▸ What you need to do:
Reproduce precisely the lines of the listing below, starting with the line that contains "Hra na zahradu" and stopping after the line that contains "Weather Camera Image"; include nothing else.

▸ Data to process:
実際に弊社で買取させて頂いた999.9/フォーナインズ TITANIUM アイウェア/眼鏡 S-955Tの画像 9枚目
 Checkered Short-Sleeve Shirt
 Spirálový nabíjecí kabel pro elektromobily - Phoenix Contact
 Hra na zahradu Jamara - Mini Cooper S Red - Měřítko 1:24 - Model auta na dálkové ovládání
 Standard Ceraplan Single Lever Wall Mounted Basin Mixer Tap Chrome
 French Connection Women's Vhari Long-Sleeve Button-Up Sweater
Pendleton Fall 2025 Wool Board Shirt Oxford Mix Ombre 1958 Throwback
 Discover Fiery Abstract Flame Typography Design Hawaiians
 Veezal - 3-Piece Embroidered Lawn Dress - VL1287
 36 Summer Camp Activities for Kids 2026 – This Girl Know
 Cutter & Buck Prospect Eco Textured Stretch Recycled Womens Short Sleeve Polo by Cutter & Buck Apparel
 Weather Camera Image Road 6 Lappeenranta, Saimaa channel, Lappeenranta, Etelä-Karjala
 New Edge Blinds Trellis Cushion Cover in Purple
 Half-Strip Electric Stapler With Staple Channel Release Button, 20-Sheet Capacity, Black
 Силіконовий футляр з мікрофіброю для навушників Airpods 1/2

▸ Task solution:
 Hra na zahradu Jamara - Mini Cooper S Red - Měřítko 1:24 - Model auta na dálkové ovládání
 Standard Ceraplan Single Lever Wall Mounted Basin Mixer Tap Chrome
 French Connection Women's Vhari Long-Sleeve Button-Up Sweater
Pendleton Fall 2025 Wool Board Shirt Oxford Mix Ombre 1958 Throwback
 Discover Fiery Abstract Flame Typography Design Hawaiians
 Veezal - 3-Piece Embroidered Lawn Dress - VL1287
 36 Summer Camp Activities for Kids 2026 – This Girl Know
 Cutter & Buck Prospect Eco Textured Stretch Recycled Womens Short Sleeve Polo by Cutter & Buck Apparel
 Weather Camera Image Road 6 Lappeenranta, Saimaa channel, Lappeenranta, Etelä-Karjala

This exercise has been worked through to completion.